On first arriving in Spain one is struck by their oversized creations in public places, giving airs of freshness and modernity to a country no longer dark. It is later that we realise these are the same grand masters from that minuscule province whose work we find in Berlin, Paris and many other places of infinitely larger import. And these two men are contemporaries, though I have no idea if they were friends or foes but most certainly having had to be rivals, at times coming very close to magically imitating each other – in the eyes of this objective viewer at least.

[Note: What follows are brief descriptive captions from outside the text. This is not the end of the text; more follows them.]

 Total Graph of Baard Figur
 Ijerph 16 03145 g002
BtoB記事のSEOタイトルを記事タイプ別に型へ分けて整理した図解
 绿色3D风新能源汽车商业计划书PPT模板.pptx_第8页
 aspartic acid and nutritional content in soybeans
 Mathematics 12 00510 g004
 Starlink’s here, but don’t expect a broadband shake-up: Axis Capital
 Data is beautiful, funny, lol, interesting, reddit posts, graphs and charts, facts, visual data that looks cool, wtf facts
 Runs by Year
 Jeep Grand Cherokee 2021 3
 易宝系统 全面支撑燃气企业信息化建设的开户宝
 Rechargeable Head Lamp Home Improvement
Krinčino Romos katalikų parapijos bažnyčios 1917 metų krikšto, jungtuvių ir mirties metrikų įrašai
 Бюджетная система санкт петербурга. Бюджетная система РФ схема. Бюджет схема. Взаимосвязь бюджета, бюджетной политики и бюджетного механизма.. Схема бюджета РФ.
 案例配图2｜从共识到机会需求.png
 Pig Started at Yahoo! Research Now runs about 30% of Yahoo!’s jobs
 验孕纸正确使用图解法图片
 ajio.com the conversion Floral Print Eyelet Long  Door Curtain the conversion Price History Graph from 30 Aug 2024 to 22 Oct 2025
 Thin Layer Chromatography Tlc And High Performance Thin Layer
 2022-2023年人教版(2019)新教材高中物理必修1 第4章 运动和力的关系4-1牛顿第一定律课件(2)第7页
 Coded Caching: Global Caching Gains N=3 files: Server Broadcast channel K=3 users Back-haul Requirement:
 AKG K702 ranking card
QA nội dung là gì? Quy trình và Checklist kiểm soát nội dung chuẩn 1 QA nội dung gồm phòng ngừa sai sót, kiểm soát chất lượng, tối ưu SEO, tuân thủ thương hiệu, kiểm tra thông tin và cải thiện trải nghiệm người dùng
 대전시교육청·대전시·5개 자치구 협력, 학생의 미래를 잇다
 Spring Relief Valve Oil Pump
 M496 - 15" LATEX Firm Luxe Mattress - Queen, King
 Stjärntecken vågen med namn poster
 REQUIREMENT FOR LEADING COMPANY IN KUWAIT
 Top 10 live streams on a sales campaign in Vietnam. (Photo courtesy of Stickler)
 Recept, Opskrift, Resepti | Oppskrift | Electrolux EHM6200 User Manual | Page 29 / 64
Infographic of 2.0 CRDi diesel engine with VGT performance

I wouldn’t call Oteiza’s huge, fragmented metal puzzle pieces monumental just because of their size, but they come close in many aspects to Chillida’s equally large objects, looking like instruments or tools with which to repair chariots of behemoths or gods. And none of these creations are gratuitous, dead, but somehow dynamic and functional, ready to be picked up in a gargantuan way. It is why Heidegger, a pretty formalistic cerebral operator, told Chillida that his sculptures were by themselves a place, not simply a creation with which to fill a place. With most of us wholeheartedly agreeing with the old German Nazional-Socialismus glorifyer, but only this once…
Sculpture being three dimensional this is about the conquest of space, nothing to do with NASA and the astronauts. Like Henry Moore, both Basque genius artists creating works managing to be futuristic and Palaeolithic at the same time, like the forms of Stonehenge would be with holes right through their core, opening them up.
I would call Basque sculpture… the magical taming of emptiness.